Book Review: Your Church is Too Safe
Book Review: Your Church is Too Safe
Author: Mark Buchanan
Publisher: Zondervan ISBN: 978031031230
Your Church is Too Safe: Why Following Christ Turns the World Upside-Down
I just finished Mark Buchanan’s latest earlier today. My thoughts are still turning and my heart is still stinging a bit from some of the more (to me) convicting pieces of this book. I don’t think I read anything I didn’t already agree with, but that may be the problem. Here I sit with awareness to some of the truth shared in Your Church is Too Safe, convicted of changes I need to enact in my life, and I’m reminded that I have not moved on most of them…yet. What is it that is written in James’ Epistle? “If anyone, then, knows the good they ought to do and doesn’t do it, it is sin for them.” Uhmmm. Yeah. I’m still stinging.
I’ve read all but one of Mark Buchanan’s books; I’ve loved each one and I’ve been challenged in varying degrees by every one of them too. This one has probably left me with the heaviest feeling, probably in part for the season of life I am now facing. I was hooked with the opening sentence from the introduction where Buchanan confesses bluntly; “I’M BORED.” And he goes on to say the following:
As are many people in the church. Bored, and also apathetic, passive, testy, lonely, disheartened. We’re wary and weary and cranky and sad. It’s a long list.

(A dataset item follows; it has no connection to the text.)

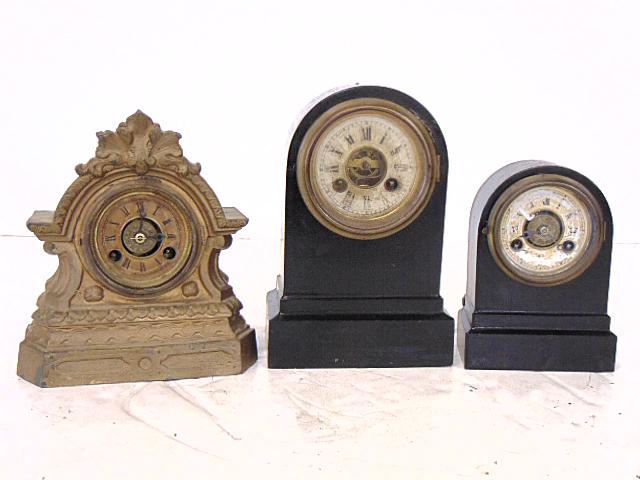 Terry Clocks- 3 Cast Iron, all running for time, Small (1 of 6)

There’ an enormous gap between the life Jesus offered and the life we’re living. We feel it. We see it. We sense that whatever else Jesus came preaching this can’t be what he had in mind: a roomful of people nodding to old platitudes, nodding off to old lullabies, perking up to Jonah-like rants, jumping up to split hairs or break company at the smallest provocation. He can’t have dreamed a church gorging itself on feeling good and allergic to self-denial. He can’t have hoped for a church that was more concerned with itself than with the world it inhabits. When Jesus announced that the kingdom was at hand, this can’t be what he meant. (p.9)
All this and we’re still in the introduction. Mark then finishes the introduction with this statement and “set the hook” deep in me at the same time saying, “It’s a book for those who wish the church looked more like the kingdom.” That’s me; and we’re off and running.
I enjoy Buchanan’s writing style; I’ve already said I’ve liked every book of his that I’ve read (6 of 7). There’s something about the rawness and transparency in his writing that connects me to what he’s attempting to communicate. I’m in the room, sitting across the table from him, and I’m listening… listening. Every chapter contains quotables; I’ll probably be using many of them for weeks to come as I continue processing the challenges Your Church has presented to me. Still, there were several chapters that really sunk their claws into my heart; A Tale of Two Communities was one, Jesus and the Three Spirits and Even the Sparrows are a couple more.
This is one of the more challenging books I’ve read in awhile. It may very well be the context of my life that makes it so, but I think this might be the case for more than a few people. I don’t think I’m the only one who is and has been “BORED.” If you’re comfortable and don’t want to be stirred, avoid the book. If you need just a little bit more of a push to set you on the way of following Jesus in hot-pursuit of his kingdom, get the book as quickly as you can. I’m looking for teammates in a church that pursues Jesus wholeheartedly; maybe we should join up.
Listen to chapter one here:

Jeff (my husband) and I are in extravagant pursuit, running beside you. Miles separate us, but we are on the same path. I believe that when we are filled with the Spirit, we are filled to overflowing with His love. Until then, we have a measure of the Spirit, and that’s where the church goes awry — she rarely goes on to the fullness. We must have the fullness! It is a command of God and of Christ. And then He will continue take us on from image to image and glory to glory, and we’ll gladly comply because God’s actual love is in our hearts. I think we miss that fact — it is not our love for God, but His ACTUAL love in us! A love we’re not born with, but must seek to be filled with.
I listened to chapter one, and Mark Buchanan is on target. Still, I pray that as the book goes on, he reminds us that God loved the world by sending an answer to our SINS and SINFULNESS — Jesus Christ. It is not just the demonstration of HIs love, but the message that He, because of His love, calls them to turn from their sin and believe the glorious, freeing gospel of Jesus Christ.
Brother Jeffrey,
In response to your last words inviting those to join you……we are already joined at the heart and waiting!
Attentively watchful and waiting and wanting to do His will.